Беда пришла нежданно-негаданно. В их доме поселилась тетка жены Прасковья Клочко, убежденная пятидесятница. Ей удалось однажды заманить Варю на собрание, потом познакомить с проповедниками. Молодая женщина постепенно втянулась в общину. С тех пор ее как будто подменили. Исчезла прежняя жизнерадостность, она стала молчаливой и грустной. Следуя указаниям руководителей общины, Варя принялась приобщать к религии детей. Старшие дочери стали поговаривать о смерти… Как ни пытался муж вернуть жену и детей к нормальной жизни, ничего не помогало. Счастье из семьи ушло.
Такая же история произошла в семье Дмитрия Ильюши, Андрея Марченко и многих других честных тружеников.
Когда в газетах стали появляться взволнованные письма людей, у которых пятидесятники отняли радость семейной жизни, проповедники стали заявлять, что все это «клевета», за которую, дескать, «покарает безбожников господь», хотя они прекрасно знают, что люди пишут правду. Общественность справедливо возмущается их бессердечным вмешательством в личную жизнь граждан. Однако проповедники, потеряв всякую совесть, продолжают действовать по-прежнему, обливая грязью авторов газетных выступлений.
Я не сомневаюсь, что, читая и эти строки, руководители общины, как я уже писал в начале брошюры, наверное, сочиняют анафему своему бывшему «брату». Меня это не страшит.

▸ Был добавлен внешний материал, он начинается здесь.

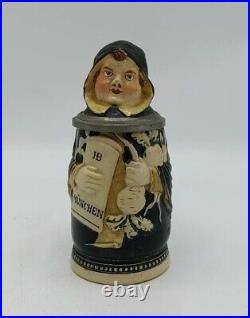 Antique German Lichtinger Beer Stein Munich Munchen Child Figural Character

Люди должны знать о «трясунах» правду.
Но продолжим рассказ о «нравственности» пятидесятников.
Мелкие дрязги, взаимное недоверие, склочничество, сплетни — обычные явления в душной, атмосфере сектантов, сторонящихся людей, живущих своим обособленным заплесневелым мирком.
В городе Токмаке произошло такое событие. Община разбирала «дело» Александра Жеребилова. Молодой парень женился на сектантке Вале Кривоплясовой. Молодые поселились у матери Вали. Теща стала прятать от зятя не только вещи, но и продукты питания. Однажды утром она обвинила Александра в воровстве: пропало сто рублей. Валентина тут же поддержала мать, и обе они набросились на Александра. Тот ушел из семьи. Впоследствии оказалось, что в пропаже денег парень был не виновен.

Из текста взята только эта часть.